The Court of Appeal’s decision


  1. The Court of Appeal remarked that it is important that the procedural rules of the Act and the Bankruptcy Rules (Cap 20, R 1, 2006 Rev Ed) (“the Rules”) were complied with as they could yield substantive outcomes. This was because a dissenting minority creditor may find itself involuntarily bound by a voluntary arrangement (at [42]).


  2. Rule 84 of the Rules provides a comprehensive and sequential process for the determination of claims in a creditors’ meeting (at [48]):


  1. Under r 84(1), there is a presumption that a creditor who is summoned to a meeting has an entitlement to vote (at [49]);


  2. Under r 84(3), a creditor with an unliquidated or unascertained debt would be unable to vote, unless the nominee agrees to place a just estimated minimum (at [50]);


  3. Under rr 84(3) and 84(4), if the nominee decides to reject, or otherwise exclude some or all of the creditor’s claim, he should provide written reasons, which are then subject to appeal (at [51]);


  4. Under r 84(4), when a debt was liquidated and ascertainable, or unliquidated and unascertainable (but for which an estimated minimum sum was agreed on), the nominee may still entertain doubts. He should mark such claims as “objected to” and allow the creditor to vote subject to the objection being maintained (at [52]); and


  5. Under r 84(7), it is for the court to decide whether the “objected to” votes are invalid. In the meantime, the effect of the “objected to” votes on the overall outcome nevertheless remains (at [54]).


  1. It was apparent that the Nominee had considered the Litigation claims to be of an unliquidated and unascertainable value. However, under the exception to r 84(3) of the Rules, he proceeded to ascribe a minimum sum. Although he had doubts, he had recourse to the “objected to” procedure. It followed that the Litigation claims were admitted on an “objected to” basis and it was a material irregularity to have backtracked on his decision in his Creditors’ Meeting report. There were insufficient votes for Mr Aathar’s second proposed voluntary arrangement to pass muster (at [56], [70][71]).

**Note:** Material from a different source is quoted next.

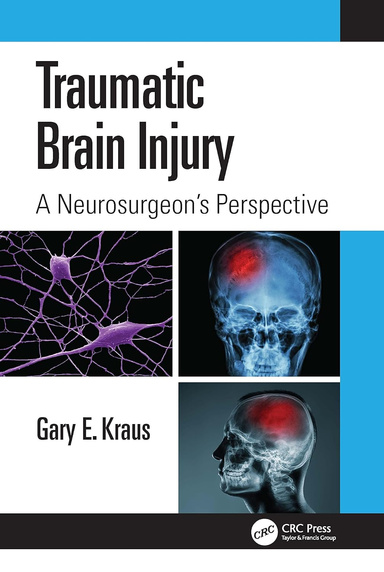 Traumatic Brain Injury: A Neurosurgeon's Perspective 1st Edition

  2. The Court of Appeal went on to note that a debtor who proposes a voluntary arrangement should be not only honest, but should also take care to put all relevant facts before the creditors. If a debtor wishes to take advantage of a voluntary arrangement and to avoid the otherwise undesirable consequences of bankruptcy proceedings, the onus is on him to be forthcoming (at [76]). Serious doubts had arisen with respect to the source of the funding for Mr Aathar’s voluntary arrangement, the bona fides of the claims of 24 Indonesian creditors, and those of Golden Cliff (at [85]).


  3. There is a corresponding duty on the nominee to satisfy his doubts about the debtor’s proposal. Where the fullness or candour of the debtor’s information has come into question, the nominee must take such steps as are in all the circumstances reasonable to satisfy those doubts (at [77][78]). Given the various doubts that had already arisen about Mr Aathar’s first voluntary arrangement it would have been incumbent on the Nominee to be circumspect (at [86]). A nominee’s duty of diligence and scrutiny cannot be abdicated to the creditors, no matter how savvy or well represented they are (at [89]). The Court of Appeal agreed with the High Court Judge that there were several material irregularities and dismissed the appeals with costs to the respondents (at [91][92]).


This summary is provided to assist in the understanding of the Court’s grounds of decision. It is not intended to be a substitute for the reasons of the Court. All numbers in bold font and square brackets refer to the corresponding paragraph numbers in the Court’s grounds of decision.